## Exercise details:
Go through the data and say how many lines include the string "Paper"; return only the figure.

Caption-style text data
- - - - -

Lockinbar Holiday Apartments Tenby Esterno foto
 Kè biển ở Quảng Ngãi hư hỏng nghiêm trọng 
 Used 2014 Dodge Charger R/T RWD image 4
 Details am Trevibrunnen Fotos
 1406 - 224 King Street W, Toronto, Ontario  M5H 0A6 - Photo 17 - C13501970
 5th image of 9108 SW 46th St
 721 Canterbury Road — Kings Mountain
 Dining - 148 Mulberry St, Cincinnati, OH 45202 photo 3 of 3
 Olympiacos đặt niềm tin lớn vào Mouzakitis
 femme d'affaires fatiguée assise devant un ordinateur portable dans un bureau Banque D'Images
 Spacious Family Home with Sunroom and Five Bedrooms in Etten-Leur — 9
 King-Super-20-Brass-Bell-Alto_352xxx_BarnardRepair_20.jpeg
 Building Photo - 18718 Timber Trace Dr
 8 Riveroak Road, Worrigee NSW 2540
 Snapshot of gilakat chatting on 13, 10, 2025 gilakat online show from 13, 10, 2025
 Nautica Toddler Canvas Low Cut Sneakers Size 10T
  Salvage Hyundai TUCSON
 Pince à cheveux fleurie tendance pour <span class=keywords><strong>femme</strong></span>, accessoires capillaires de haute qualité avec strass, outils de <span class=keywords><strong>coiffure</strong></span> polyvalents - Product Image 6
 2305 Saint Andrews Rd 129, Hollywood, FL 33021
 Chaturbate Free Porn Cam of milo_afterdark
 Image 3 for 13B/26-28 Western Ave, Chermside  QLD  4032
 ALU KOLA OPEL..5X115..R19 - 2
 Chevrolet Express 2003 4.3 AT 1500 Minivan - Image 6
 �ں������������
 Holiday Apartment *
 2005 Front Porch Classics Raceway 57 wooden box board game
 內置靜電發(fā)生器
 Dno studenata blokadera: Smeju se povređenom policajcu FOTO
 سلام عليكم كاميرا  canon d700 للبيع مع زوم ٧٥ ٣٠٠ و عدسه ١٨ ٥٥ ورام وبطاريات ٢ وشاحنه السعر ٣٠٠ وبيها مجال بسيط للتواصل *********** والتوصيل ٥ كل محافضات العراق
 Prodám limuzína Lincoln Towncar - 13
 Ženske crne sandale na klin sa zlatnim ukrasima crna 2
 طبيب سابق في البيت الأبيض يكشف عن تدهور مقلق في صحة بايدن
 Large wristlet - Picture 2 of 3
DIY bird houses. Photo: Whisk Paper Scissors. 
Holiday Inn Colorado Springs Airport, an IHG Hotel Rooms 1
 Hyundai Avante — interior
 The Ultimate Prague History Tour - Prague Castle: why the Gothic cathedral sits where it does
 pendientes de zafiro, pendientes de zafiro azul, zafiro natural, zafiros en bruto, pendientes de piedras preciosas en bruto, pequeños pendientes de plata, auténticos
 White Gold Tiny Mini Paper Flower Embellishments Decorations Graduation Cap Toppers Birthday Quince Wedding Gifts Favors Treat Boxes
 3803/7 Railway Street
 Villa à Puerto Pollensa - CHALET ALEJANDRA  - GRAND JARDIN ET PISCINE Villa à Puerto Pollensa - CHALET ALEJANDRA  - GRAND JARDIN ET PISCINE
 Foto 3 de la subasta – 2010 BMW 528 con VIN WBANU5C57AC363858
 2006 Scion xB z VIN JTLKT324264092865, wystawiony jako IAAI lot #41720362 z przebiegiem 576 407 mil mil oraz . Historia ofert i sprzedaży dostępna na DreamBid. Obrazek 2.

- - - - -

## Answer space:
2